H.W. Brands brings times of crisis lecture to SVSU
October 26, 2009 —
Historian and Pulitzer Prize finalist H.W. Brands visited SVSU Thursday to talk about presidencies in times of crisis.
Brands, a University of Texas professor and the author of the best-selling book “Traitor to His Class,” delivered a presentation that explored the parallels between the presidencies of Franklin Delano Roosevelt and Barack Obama. Brands had been one of nine scholars Obama invited for dinner at the White House to discuss previous commanders in chief the president could model himself on.

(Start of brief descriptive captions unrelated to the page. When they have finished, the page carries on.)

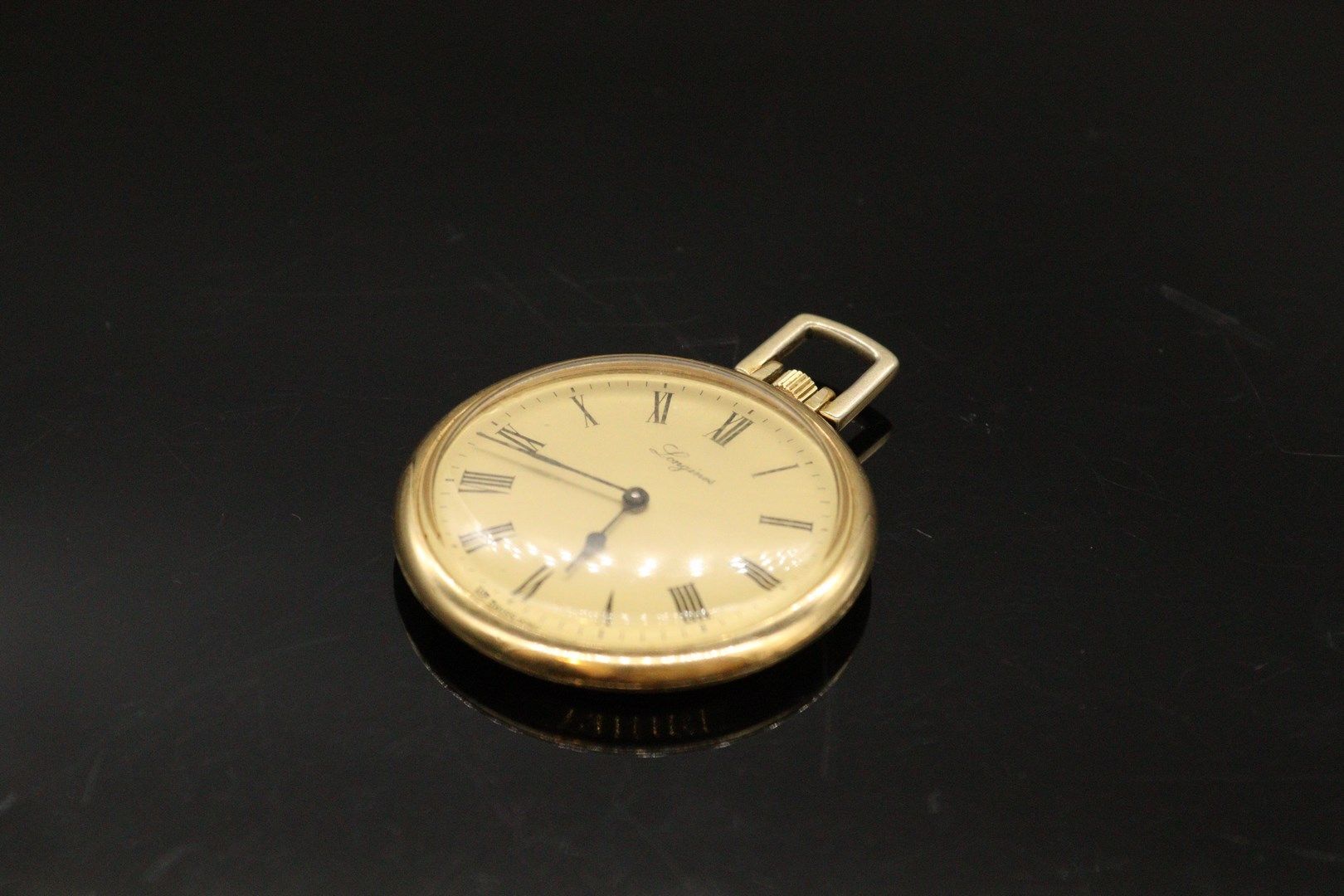 Null LONGINES

Metal pocket watch, dial with gilt background, Roman numerals. Di&hellip;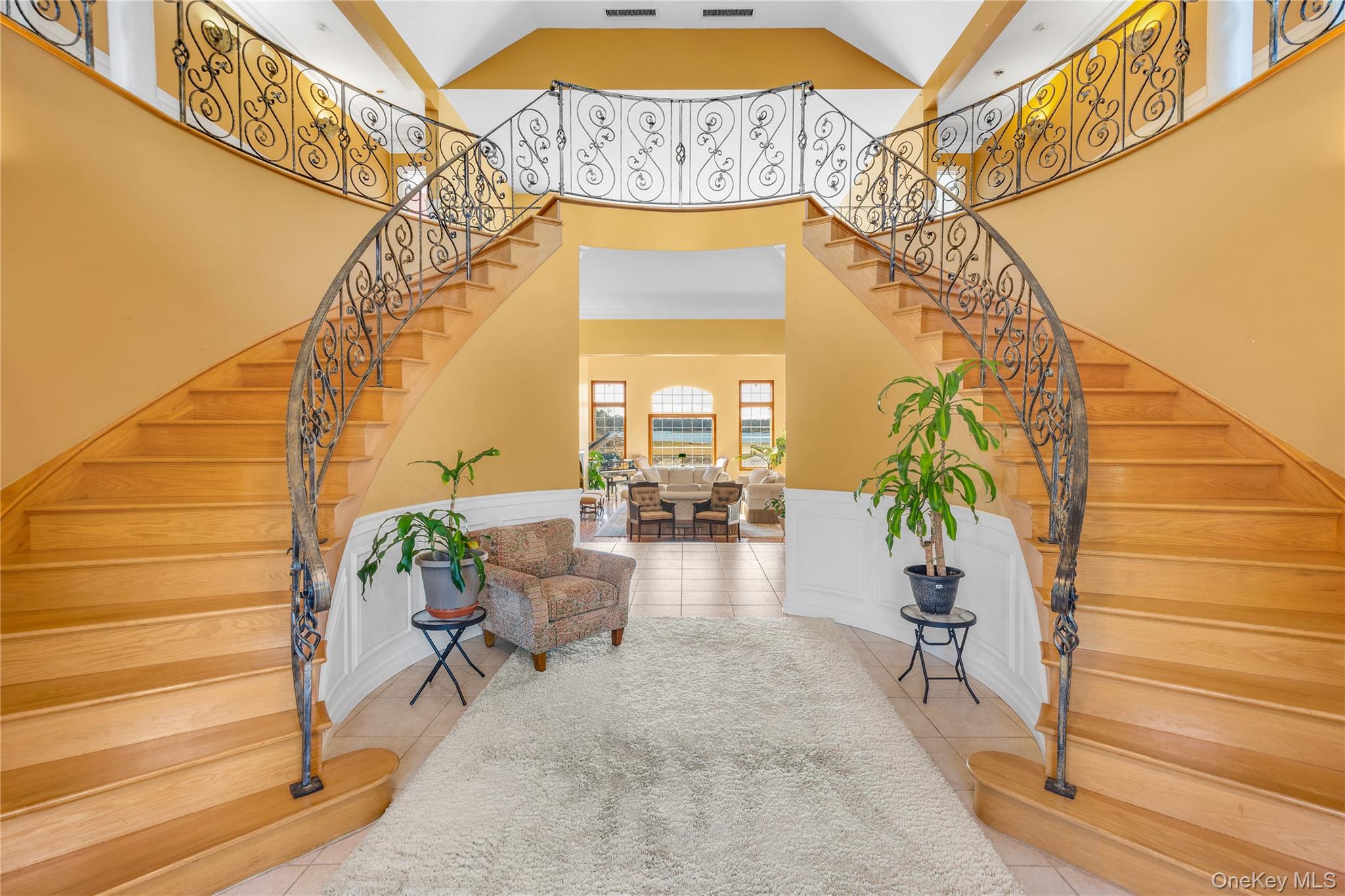 #4 photo, 28 Old Neck Road, سوفولك Center Moriches , NY 11934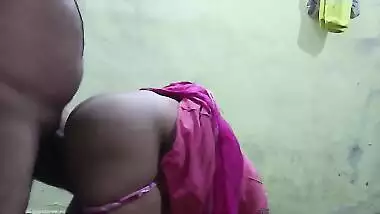 Apne Bhai Ki Wife Se Payar Ho Gaya Or Uske Baad Usko Apna Lund Sidhe Uske Chut Me Dal Diya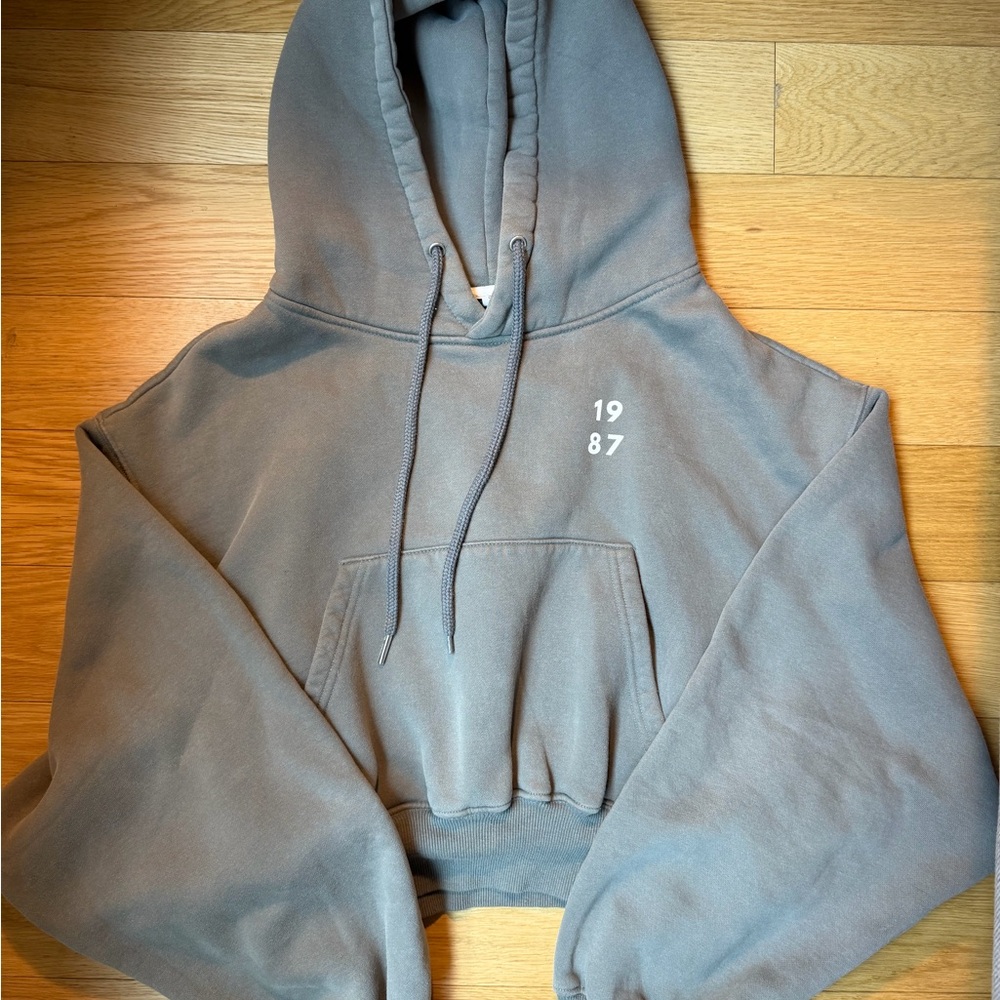 1987 Label Boston Cropped Grey Hoodie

At SVSU, the Malcolm Field Theatre was filled with the students, citizens, faculty and administrators who gathered to listen.
The historian’s lecture, the fifth in this year’s Fall Focus speaker series, offered a detailed look at the life of Roosevelt, who served as president during the Great Depression in the 1930s. Brands called him the greatest president of the 20th century, and said he has had the biggest impact on the lives of Americans past and present. An animated and engaging speaker, Brands brought the audience into his talk, and joked about how much he enjoys speaking to a group who came to see him of their own will versus lecturing to a classroom.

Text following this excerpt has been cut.